Serpent de mer

La question des rythmes scolaires est donc de nouveau sur le devant de la scène. La circulaire de rentrée pour 2010 a envisagé la possibilité pour les équipes éducatives locales d’enseigner sur 9 demi-journées. La PEEP a demandé des états généraux sur l’ensemble des rythmes. L’Assemblée nationale s’y intéresse et, last but not least, le ministre de l’Education nationale vient d’annoncer l’ouverture d’un chantier sur ce sujet.

Toutes les x années cette question revient sur la table. C’est sans doute politiquement nécessaire. Mais la question est-elle soluble ? Plus exactement, sur ce sujet les indications scientifiques ne sont-elles pas trop ténues pour éviter que les solutions retenues soient le reflet des rapports de force entre tous les partenaires intéressés : enseignants parents, entreprises (de tourisme notamment), institutions (y compris les églises), etc.

Doctement, des pédiatres ou des chronobiologistes nous expliquent qu’en moyenne le rythme quotidien de l’enfant (au singulier…) est ceci ou cela. Cela navigue entre des recommandations élémentaires, qu’il est certes utile de rappeler mais qui ne sont pas une découverte de première grandeur, (« Le sommeil, élément essentiel à la bonne santé de l’enfant, doit être suffisant en durée et être encadré par des heures régulières de lever et de coucher ») et des constats qui sont présentés comme avérés mais qui peuvent surprendre (« L’enfant arrive fatigué à l’école – 8H30- quelle que soit la durée de son sommeil la nuit précédente, puis il augmente progressivement ses capacités d’attention et d’apprentissage avec un pic vers 10-11 H et vers 15-16 H qui diminue ensuite »). Ce genre de conclusions soulève en effet plusieurs interrogations. D’abord, il est curieux que l’enfant soit fatigué quel que soit son sommeil précédent, puis qu’il soit spécialement attentif notamment entre 15 et 16 heures. Mais même si sur l’« enfant moyen » ces constats sont vrais, quel sens a une moyenne lorsque par ailleurs on soutient, et peut-être avec quelque raison, que chaque être vivant a son rythme ? D’autre part cela ne porte que sur les capacités d’attention, et ne dit donc qu’assez peu de choses sur la dépendance aux rythmes des progrès effectifs des élèves, ni ceux des élèves « moyens », ni ceux des élèves ayant telle ou telle caractéristique, par exemple vivant dans tel milieu. Enfin, tout cela n’est que qualitatif : même avérés ces effets sur l’attention de l’enfant moyen puis sur ses progrès sont peut-être très petits. Bien entendu toutes ces incertitudes sur le sens des moyennes et sur les effets sur les progrès et réussites des élèves s’accroissent de beaucoup si l’on raisonne sur les rythmes et horaires hebdomadaires et a fortiori annuels. Elles augmentent peut-être aussi quand on passe des enfants aux adolescents, puis aux jeunes.

Au total, on comprend que la politique des rythmes scolaires ne tienne pratiquement aucun compte de ces données, et qu’elle résulte de compromis reflétant les rapports des forces des acteurs. Et d’ailleurs même lorsqu’on a entendu tirer de conclusions scientifiques des décisions politiques, celles-ci ont très peu duré : qui ne se souvient que le rythme des « 7*2 », censé être favorable aux élèves et qui figure dans la loi d’orientation de 1989 (7 semaines de travail scolaire, 2 semaines de repos), a duré deux ans ? l’application de la loi n’a pas résisté aux difficultés des familles pour faire garder leurs enfants (notamment lors des « 2 » de novembre), aux souhaits, assez légitimes quoi qu’on dise, des stations de sport d’hiver, etc.

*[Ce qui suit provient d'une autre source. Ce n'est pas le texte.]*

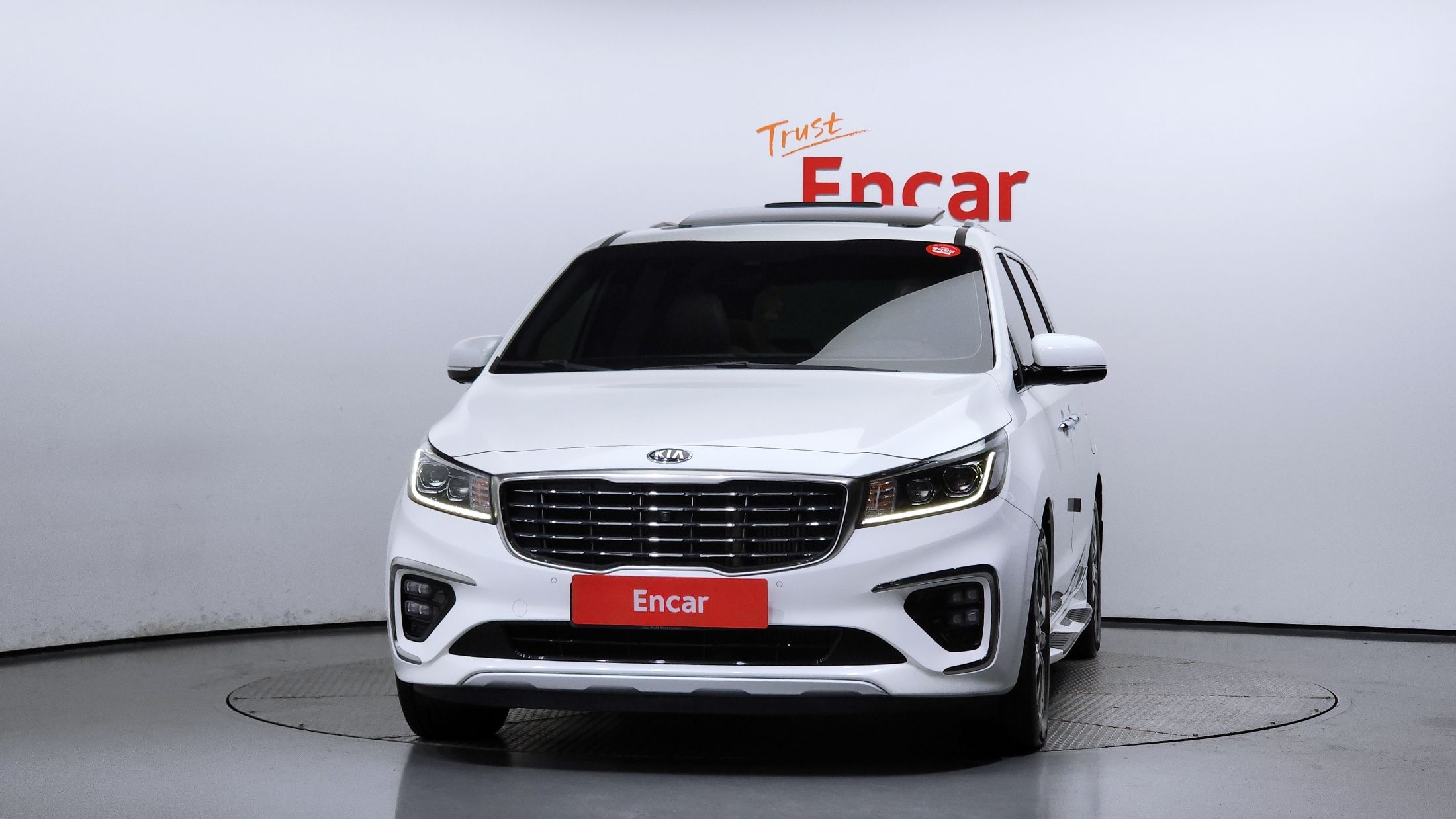 KIA CARNIVAL 2018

Pourquoi les apports de la science sont-ils aussi ténus ? Difficile à dire. Est-ce parce qu’on n’a pas assez étudié (et, je le redis, pas seulement sur les capacités d’attention, mais sur les effets en termes de réussite et progrès scolaires, et pas en moyenne, mais en distinguant les élèves, et en mesurant de façon quantitative) ? Ou est-ce parce que le phénomène lui-même est trop faible, ou trop divers d’un enfant à l’autre pour qu’on en tire des conclusions solides et d’ampleur notable en moyenne ou même selon divers groupes ? Si c’était la première branche de l’alternative qu’il fallait retenir, il faudrait souhaiter que le nième chantier qui va s’ouvrir aboutisse à étudier davantage et à mettre les moyens nécessaires à cette étude. Mais il faut peut-être craindre que ce soit la seconde branche de l’alternative qui soit vraie, auquel cas ce chantier montrera une nouvelle fois que la question n’est pas soluble.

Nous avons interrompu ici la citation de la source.